Faster way to subset data table instead of a for loop R

Question

I have a data table (you'll need the data table package installed) in R generated with X and Y coordinates and random data values from both normal and uniform distributions. The coordinates represent points on a 2000x1600 array and has to be divided into 16 smaller "sectors" each 500x400. These sectors need their mean of Normal Distribution values taken, divided by the min^2 of the Uniform Distribution values. I also created two variables x and y using a provided function startstop, that have the coordinates for the 16 sectors and a function that calculates the numbers for each sector.

library(data.table)
DT <- data.table(X = rep(1:2000, times = 1600), Y = rep(1:1600, each = 2000), Norm =rnorm(1600*2000), Unif = runif(1600*2000))

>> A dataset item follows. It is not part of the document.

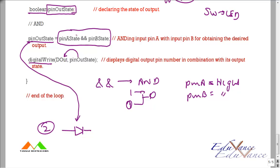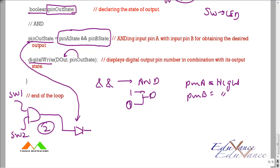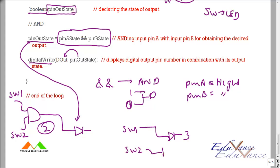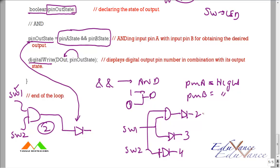pinAState came from switch one and pinBState came from switch two. So effectively: switch one controls the LED at pin three, switch two controls the LED at pin four, and the AND of both inputs controls the LED at pin two.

sectorCalc <- function(x,y,DT) {
    sector <- numeric(length = 16)
    for (i in 1:length(sector)) {
        sect <- DT[X %between% c(x[[1]][i],x[[2]][i]) & Y %between% c(y[[1]][i],y[[2]][i])]
        sector[i] <- sCalc(sect)
    }
    return(sector)
 }

startstop <- function(width, y = FALSE) {
    startend <- width - (width/4 - 1)
    start <- round(seq(0, startend, length.out = 4))
    stop <- round(seq(width/4, width, length.out = 4))
    if  (length(c(start,stop)[anyDuplicated(c(start,stop))]) != 0) {
        dup <- anyDuplicated(c(start,stop))
        stop[which(stop == c(start,stop)[dup])] <- stop[which(stop == c(start,stop)[dup])] - 1
}
    if (y == TRUE) {
        coord <- list(rep(start, each = 4), rep(stop, each = 4))
  } else if (y == FALSE) {
        coord <- list(rep(start, times = 4), rep(stop, times = 4))
  }
  return(coord)
}

x <- startstop(2000)
y <- startstop(1600, T)

sectorNos <- sectorCalc(x,y,DT)

The startstop function isn't really an issue but I need a faster way to subset the data table. Some modifications have to be made to the 'sectorCalc' function. The for loop was the best way I could think of but I don't have too much experience with data tables. Any ideas on a faster method of breaking up the data table?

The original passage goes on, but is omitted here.